D.I. Kim Stone #11 by Angela Marsons
Publsihed on: July 11, 2019
Are all the books in the D.I. Kim Stone series this good? Child’s Play is my first Angela Marsons book to read and review and true to the words on the cover – I couldn’t put it down.
Finally we’re playing a game. A game that I have chosen. I give one last push of the roundabout and stand back. ‘You really should have played with me,’ I tell her again although I know she can no longer hear.
Late one summer evening, Detective Kim Stone arrives at Haden Hill Park to the scene of a horrific crime: a woman in her sixties tied to a swing with barbed wire and an X carved into the back of her neck.
The victim, Belinda Evans, was a retired college Professor of Child Psychology. As Kim and her team search her home, they find an overnight bag packed and begin to unravel a complex relationship between Belinda and her sister Veronica.
Then two more bodies are found bearing the same distinctive markings, and Kim knows she is on the hunt for a ritualistic serial killer. Linking the victims, Kim discovers they were involved in annual tournaments for gifted children and were on their way to the next event.
With DS Penn immersed in the murder case of a young man, Kim and her team are already stretched and up against one of the most ruthless killer’s they’ve ever encountered. The clues lie in investigating every child who attended the tournaments, dating back decades.
Faced with hundreds of potential leads and a bereaved sister who is refusing to talk, can Kim get inside the mind of a killer and stop another murder before it’s too late?
I was hooked at the prologue. The unsettling setup scene for this detective book/thriller was very disturbing, yet I found myself deeply engrossed in it. The mental picture painted in my mind was haunting my thoughts as I read through it. Even now as I write the review I still see what my mind created through the words of the book.
Child’s Play follows two different story lines and investigations. The main story begins by introducing us to the victim’s sister. A sister who isn’t cooperative at all, but why? And that’s what D.I. Stone can’t quite make sense of.
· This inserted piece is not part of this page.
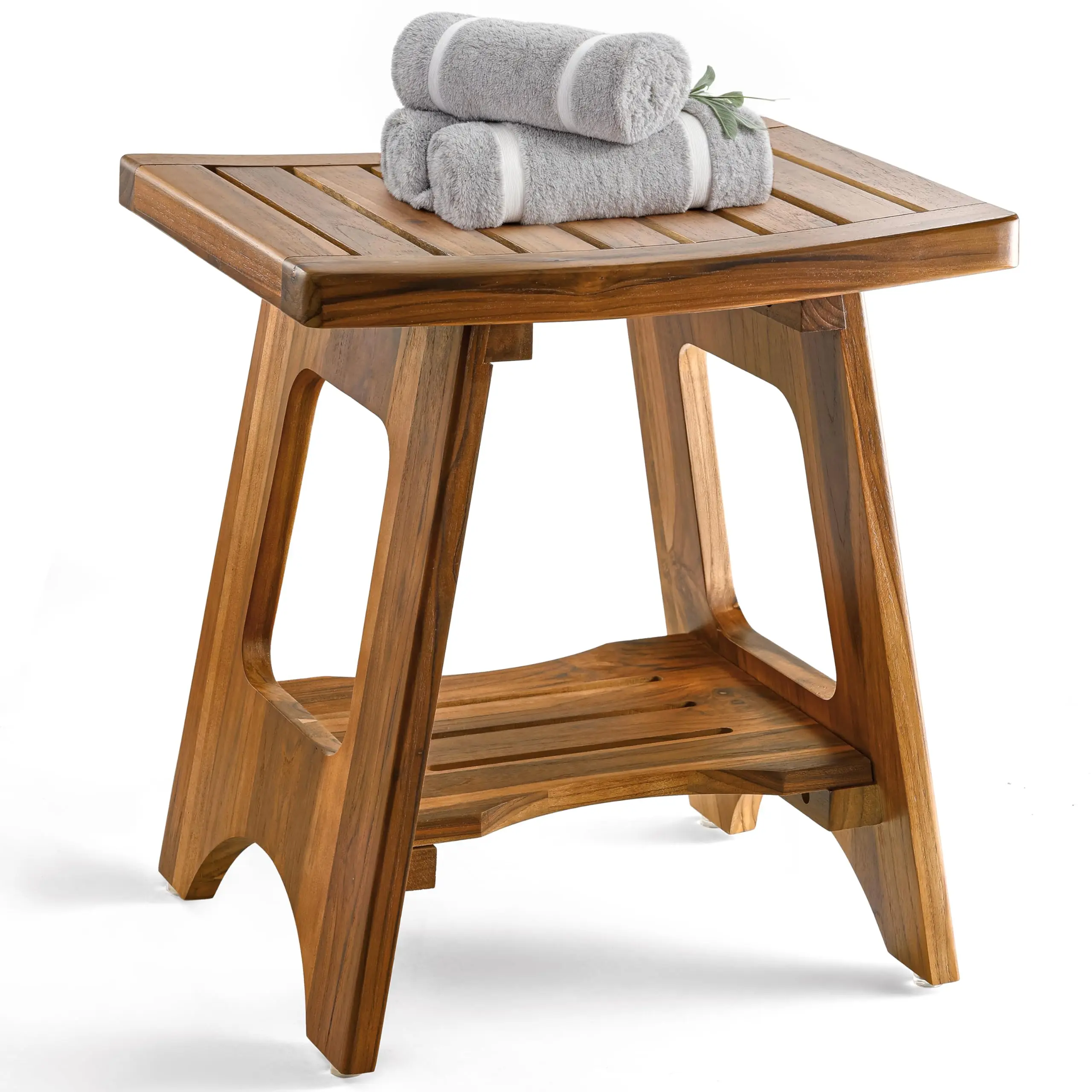 18 Inch Teak Wood Shower Bench With Storage Shelf Waterproof Bathroom Stool For Adults
18 Inch Teak Wood Shower Bench With Storage Shelf Waterproof Bathroom Stool For Adults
She’s uncooperative in a way that immediately tells you there is an underlying tone of dislike between the sisters that goes beyond normal personality differences. No, this sibling relationship was complex and strange and down right bizarre. So bizarre that it was captivating and became a mystery unto itself. DI Stone and her crew can feel it too and continue trying to unravel this relationship if they don’t necessarily feel it relates directly to the murder. Even now after I have read the book I look back at this unique bond between the two and have so many questions that I still want explained. The book does eventually address most, but there are some that linger in my head unanswered.
The second story line is one that surprised me. Penn is on loan to his old team so he can attend the trial of a man they arrested for murder. But barely before this trial gets underway little things start to unravel or change suddenly forcing the question “What is going on?” or “What is causing these events to occur now – during the trial?” What surprised me was how much I enjoyed this second mystery and when the book switched over to it I was just as engaged as I was in the main story line.
Overall, I appreciated all the research that went into this novel, plus I learned some new facts about child prodigies that I did not previously know. Facts that had me going to wiki to look up and find more information on.
I highly recommend this book to everyone. But, of course, especially for those who like detective stories, police procedurals, and serial killer mysteries.
Thank you to NetGalley and Bookouture for my advanced copy of this book to read. All opinions expressed are my own.